A crucial component of end-to-end delay is the random queuing delays in the routers. Because of these varying delays within the network, the time from when a packet is generated at the source until it is received at the receiver can fluctuate from packet to packet. This phenomenon is called jitter.

As an example, consider two consecutive packets within a talk spurt in our Internet phone application. The sender sends the second packet 20 msec after sending the first packet. But at the receiver, the spacing between these packets can become greater than 20 msec. To see this, suppose the first packet arrives at a nearly empty queue at a router, but just before the second packet arrives at the queue a large number of packets from other sources arrive to the same queue. Because the second packet suffers a large queuing delay, the first and second packets become spaced apart by more than 20 msecs. The spacing between consecutive packets can also become less than 20 msecs. To see this, again consider two consecutive packets within a talk spurt. Suppose the first packet joins the end of a queue with a large number of packets, and the second packet arrives at the queue before packets from other sources arrive at the queue. In this case, our two packets find themselves right behind each other in the queue. If the time it takes to transmit a packet on the router's inbound link is less than 20 msecs, then the first and second packets become spaced apart by less than 20 msecs. 

The situation is analogous to driving cars on roads. Suppose you and your friend are each driving in your own cars from San Diego to Phoenix. Suppose you and your friend have similar driving styles, and that you both drive at 100 km/ hour, traffic permitting. Finally, suppose your friend starts out one hour before you. Then, depending on intervening traffic, you may arrive at Phoenix more or less than one hour after your friend. 

If the receiver ignores the presence of jitter, and plays out chunks as soon as they arrive, then the resulting audio quality can easily become unintelligible at the receiver. Fortunately, jitter can often be removed by using sequence numbers, timestamps, and a playout delay, as discussed below. 

6.3.2: Removing Jitter at the Receiver for Audio

For a voice application such as Internet phone or audio-on-demand, the receiver should attempt to provide synchronous playout of voice chunks in the presence of random network jitter. This is typically done by combining the following three mechanisms: 
  • Prefacing each chunk with a sequence number.
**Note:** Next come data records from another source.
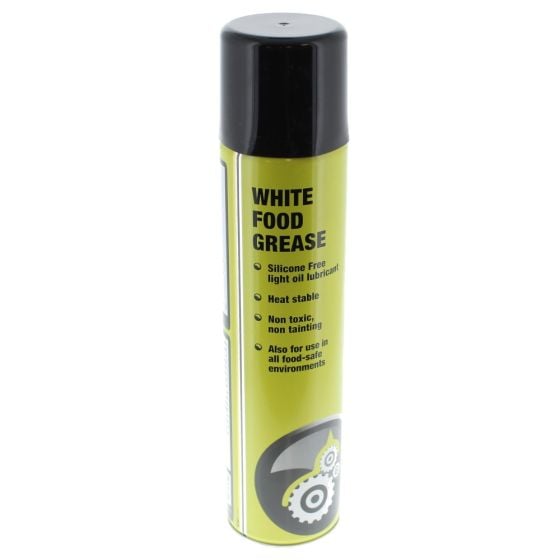 FIXT White Food Grease - 400 ml Aerosol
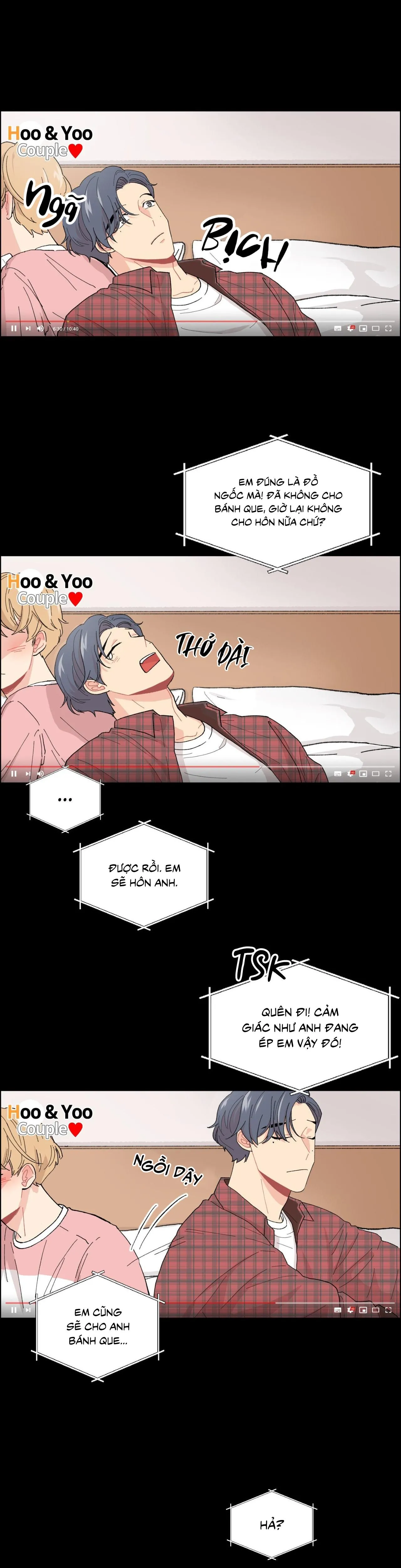 Anh Là Ai, Nhà Sáng Tạo Nội Dung? Chapter 1 Trang 6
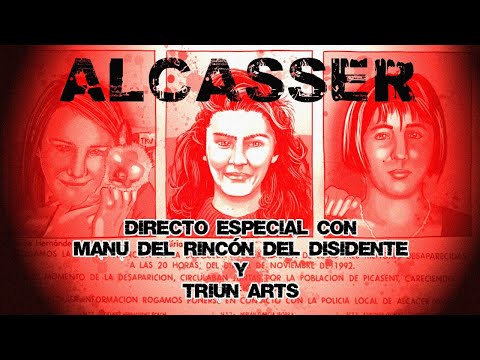 Alcásser directo especial con Manu del Rincón del Disidente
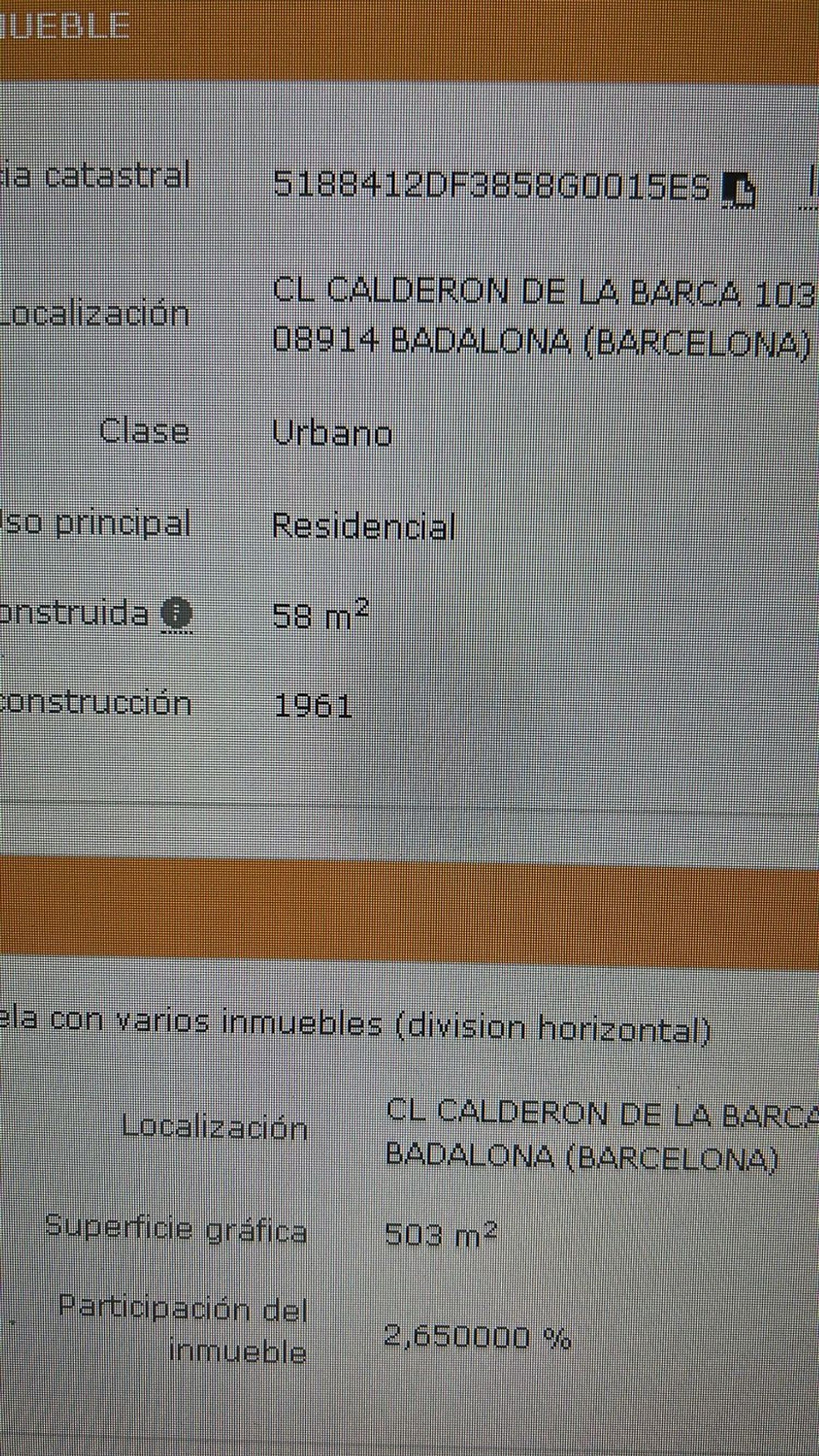 Piso en calle de Calderón de la Barca, 103 - Foto 4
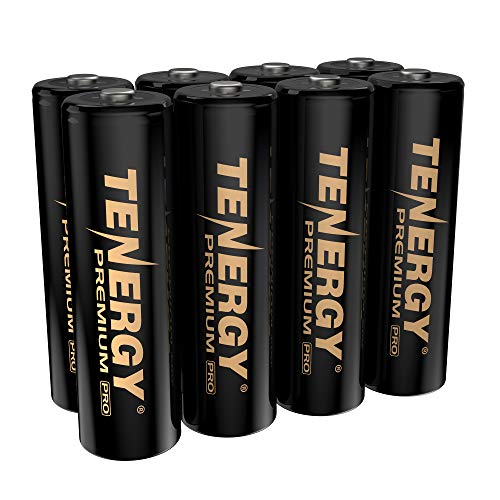 Rechargeable AA Batteries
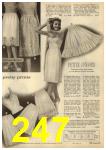 1961 Sears Spring Summer Catalog, Page 247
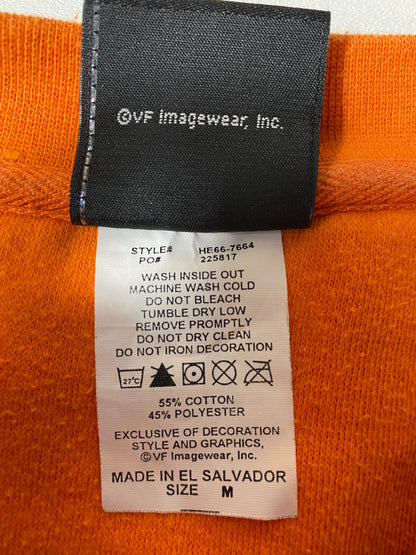 00’ HARLEY DAVIDSON Size M Vintage Sweat-Shirt / K4317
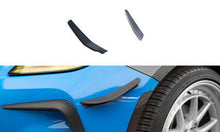 Load image into Gallery viewer, Canards Alette Paraurti Anteriore Toyota GR86 Mk1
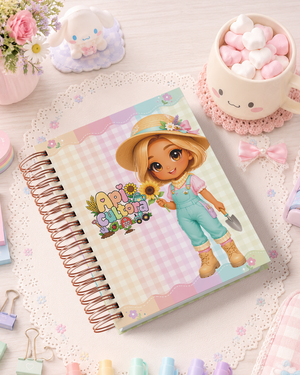 Pack de Portadas Apicultora - Sweet Rainbow
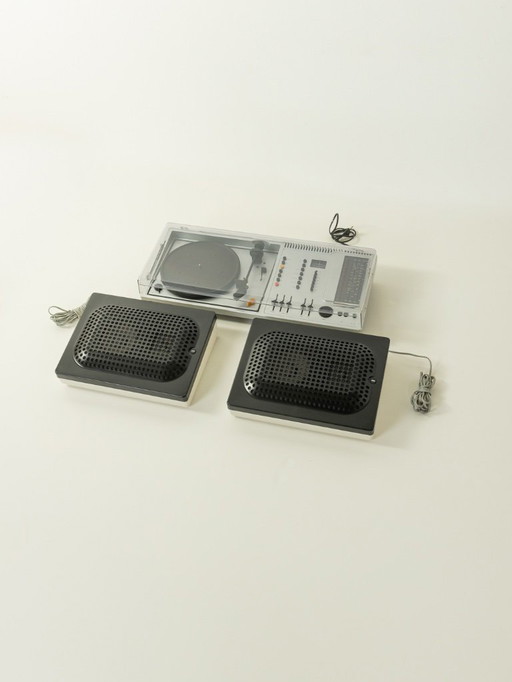 BRAUN Audio System 308 S & L 308, Dieter Rams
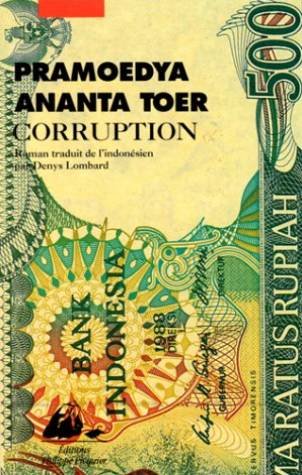 Corruption 9782877301107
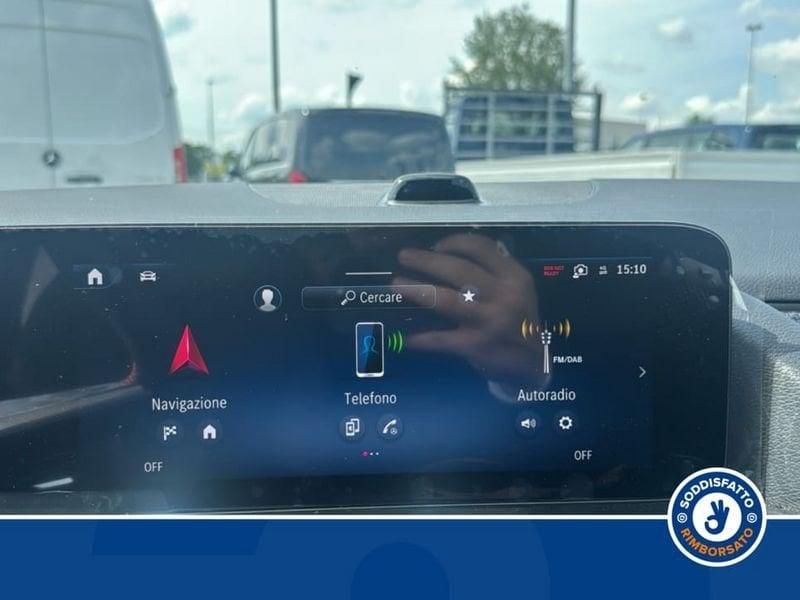 Mercedes-Benz GLA 180d Automatic AMG Line Advanced Plus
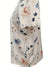 Damenbluse Lockere Passform Blumendruck 100% Baumwolle-3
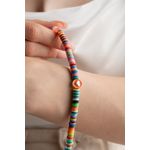 Fashion, accesorii si bijuterii - Femei - Bijuterii femei - Bratari femei - Brățară Heliophilia, alamă, multicolor, 911VRN1101 - Infinity.ro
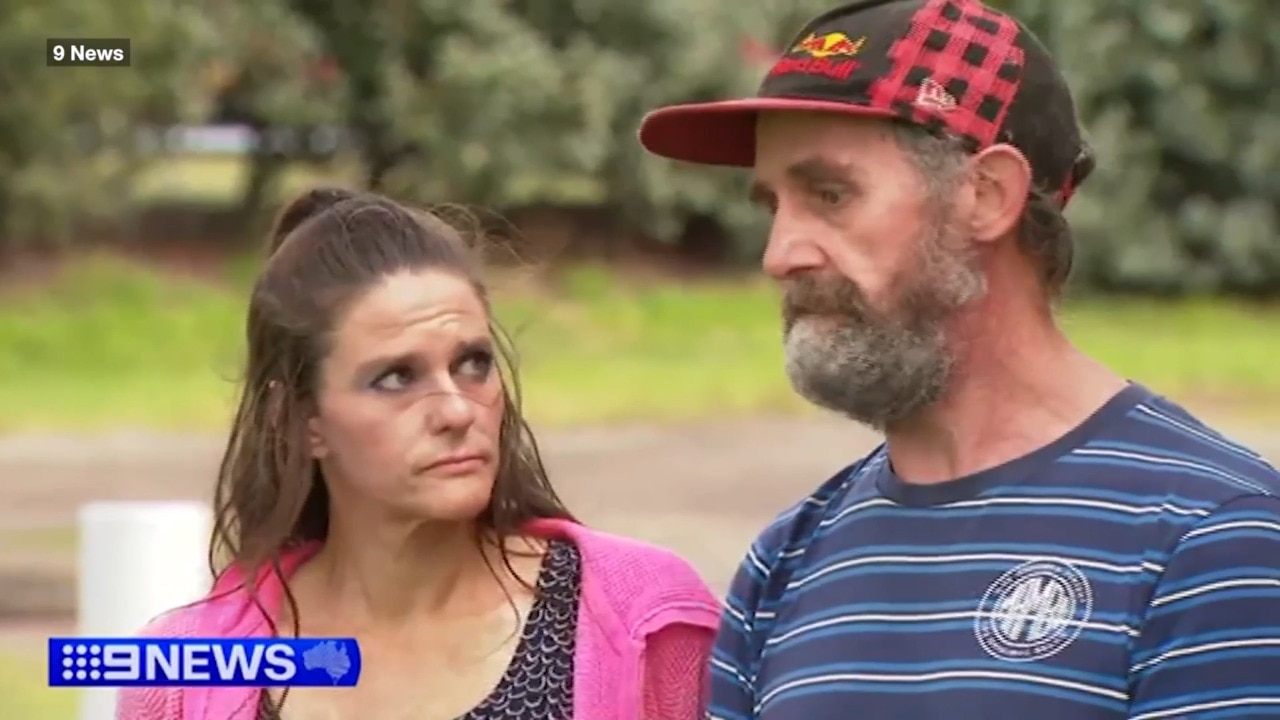 Devastated parents of boys allegedly killed by gran speak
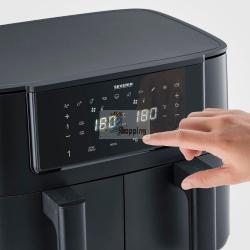 SEVERIN FR 2463 FRIGGITRICE AD ARIA CALDA MOD. FR 2463 EAN 4008146046643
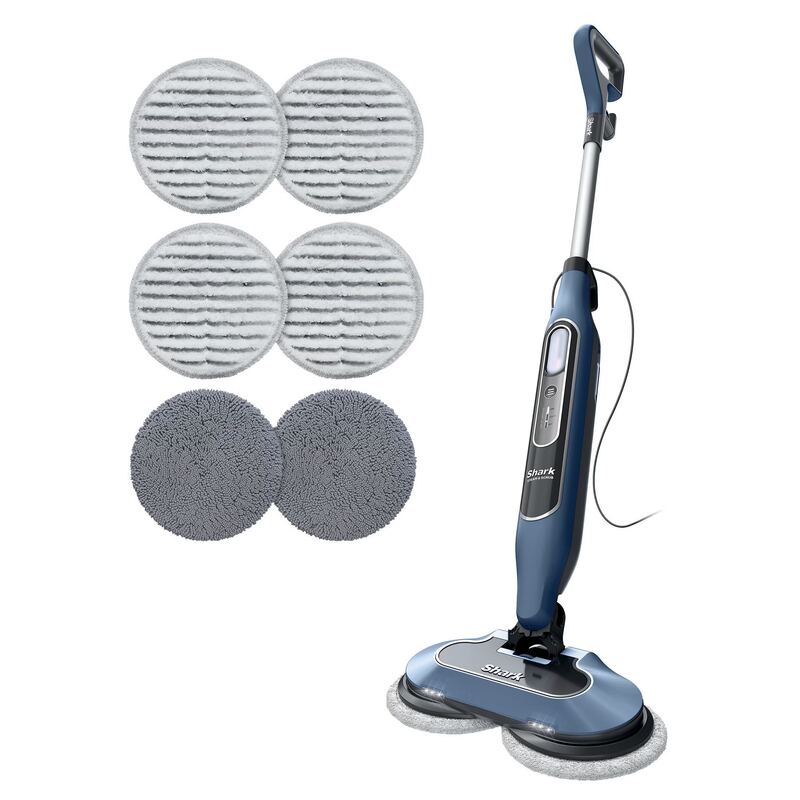 Shark Steam and Scrub Steam Mop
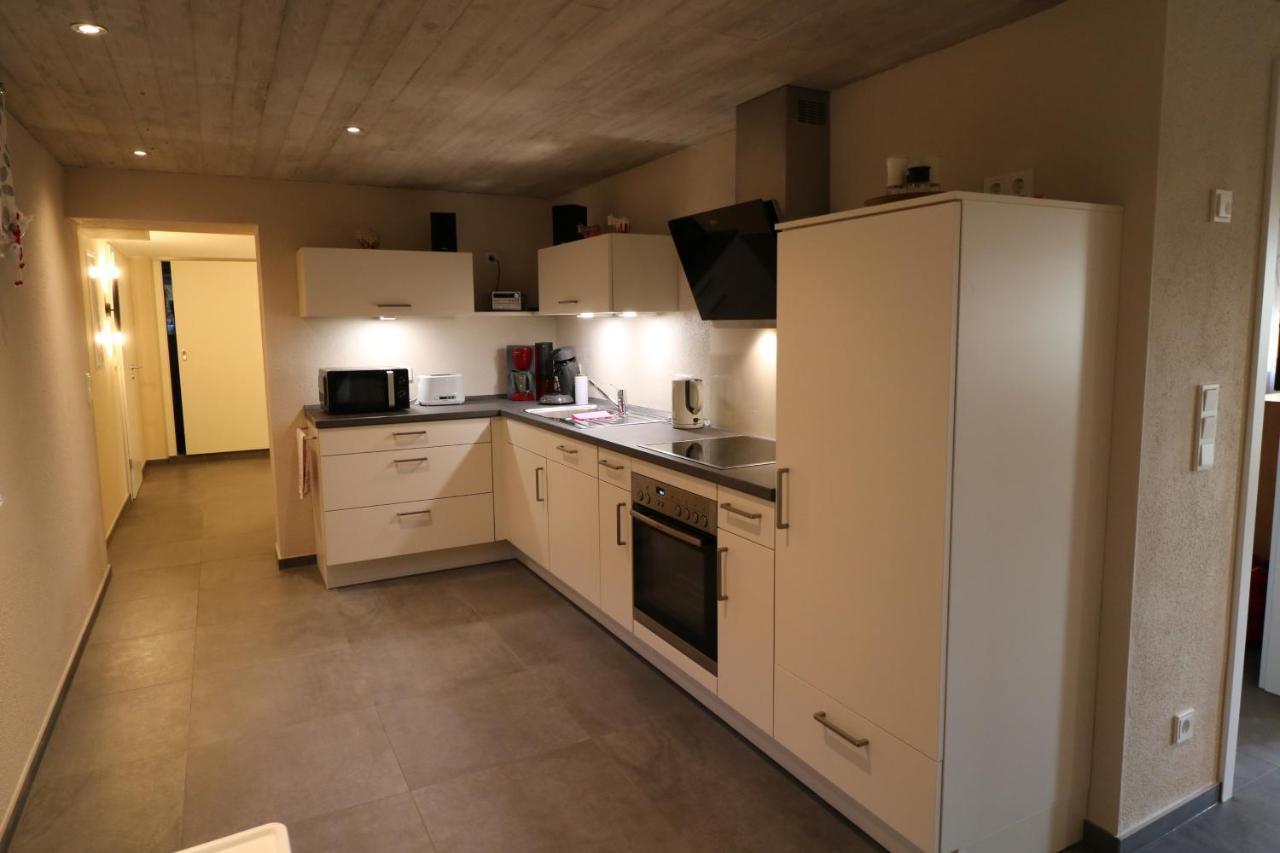 Ferienwohnung Am Pfaffenderbach Ralingen Extérieur photo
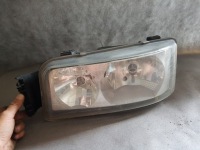 фото thumb №1, Лампа фара перед ліва man tgl tgm euro 6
The sender increments the sequence number by one for each of the packet it generates. 
  • Prefacing each chunk with a timestamp. The sender stamps each chunk with the time at which the chunk was generated. 
  • Delaying playout of chunks at the receiver. The playout delay of the received audio chunks must be long enough so that most of the packets are received before their scheduled playout times. This playout delay can either be fixed throughout the duration of the conference, or it may vary adaptively during the conference's lifetime. Packets that do not arrive before their scheduled playout times are considered lost and forgotten; as noted above, the receiver may use some form of speech interpolation to attempt to conceal the loss.
We now discuss how these three mechanisms, when combined, can alleviate or even eliminate the effects of jitter. We examine two playback strategies: fixed playout delay and adaptive playout delay. 

Fixed Playout Delay

With the fixed delay strategy, the receiver attempts to playout each chunk exactly q msecs after the chunk is generated. So if a chunk is timestamped at time t, the receiver plays out the chunk at time t + q, assuming the chunk has arrived by that time. Packets that arrive after their scheduled playout times are discarded and considered lost. 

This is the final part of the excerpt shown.